8 Responses to Croenlun

  1. Alicia says:

    Oh, I really like it how they used a Welsh word instead of the loan word :) A good way of keeping the language living and full of expression…

  2. stormboy says:

    “A good way of keeping the language living and full of expression…”

    I see what you mean, but isn’t English (for example) ‘living and full of expression’ despite (or because of?) the many loanwords that have been incorporated into the language? I appreciate, though, that it could be argued that English can ‘afford’ to do this because of its dominant status.

  3. Alicia says:

    “I appreciate, though, that it could be argued that English can ‘afford’ to do this because of its dominant status.”

    Indeed, English and Welsh have quite a different situation. I think using newly-made Welsh words can do a great job in demonstrating that Welsh is no less flexible and practical than English.

  4. Andrew says:

    The picture: A basketball hoop and backboard? A gallows?

  5. Macsen says:

    I quite like croenlun though it’s never used. I quite like tatŵ too, as it shows the capacity of Welsh orthography to adopt foreign words and concepts effortlessly.
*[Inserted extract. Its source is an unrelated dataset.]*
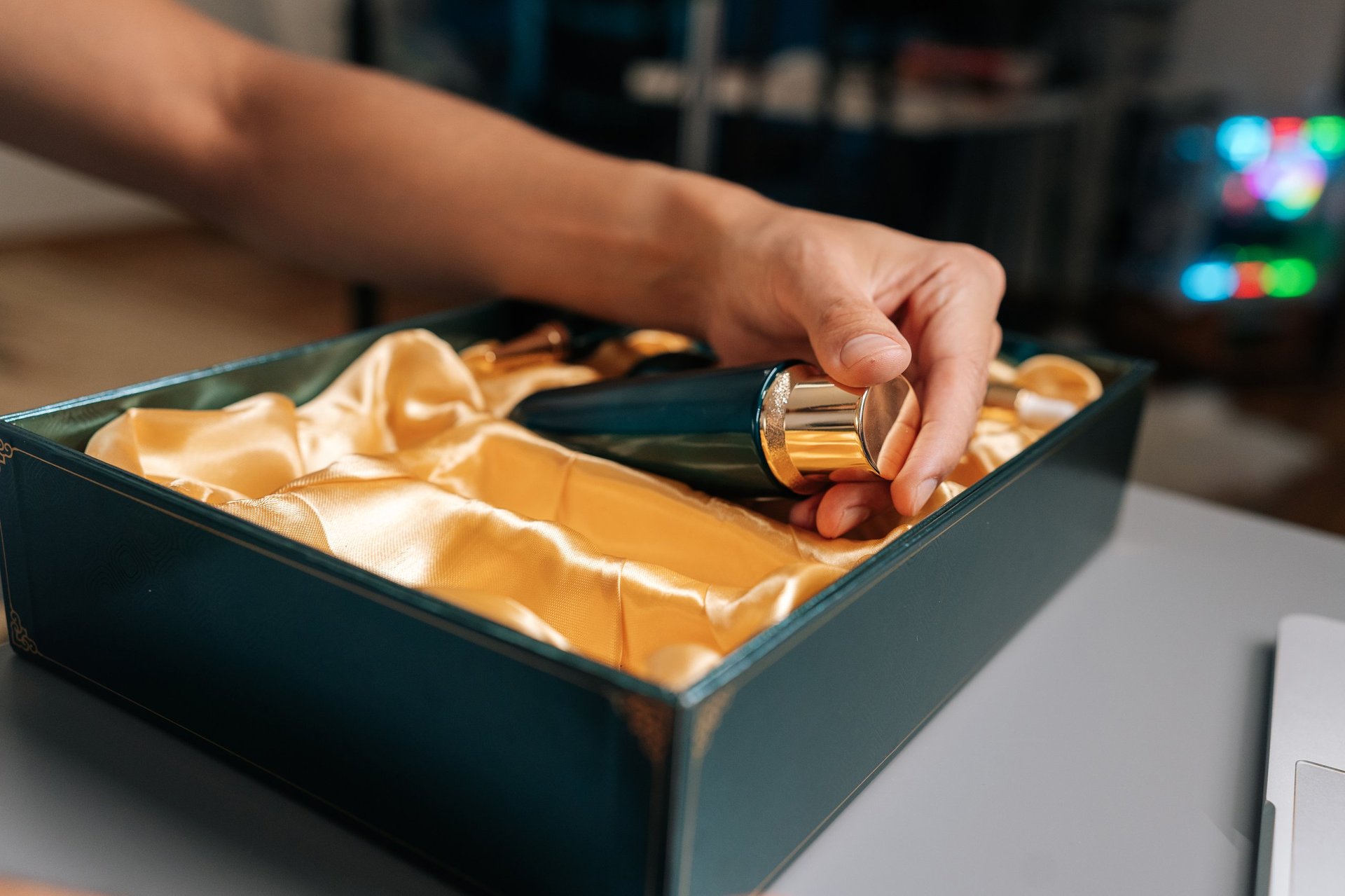 A man preparing for a premium self-care ritual — unboxing luxurious skincare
The good news is that Welsh speakers have a choice of two words which they can now use to describe what’s known as a ‘tattoo’.

    On the theme of ‘croen’, there’s a Welsh saying to describe someone who always looks miserable – ‘mae croen ei din ar ei dalcen’ – his arse’s skin is on his forehead.

  6. Yenlit says:

    Will we end up with a verb “croenlunio”?

  7. Macsen says:

    ‘croenlunio’ – done already!

  8. Adam Jones says:

    Dwi ‘di cwympo mewn cariad gyda’r dywediad Croenlun yn barod dyma’r tro cynta’ i mi glywed i gair yma a byddai’n ei ddefnyddio o hyn ymlaen,

    Croenlunio – Tatooing
    Croenlunydd – Tattoist
    Croenlunfa – Tatto salon
    Croenlunyddiaeth – Tattoism

    (i could go on and on, I’ve found a new word to play with hehe i love it.)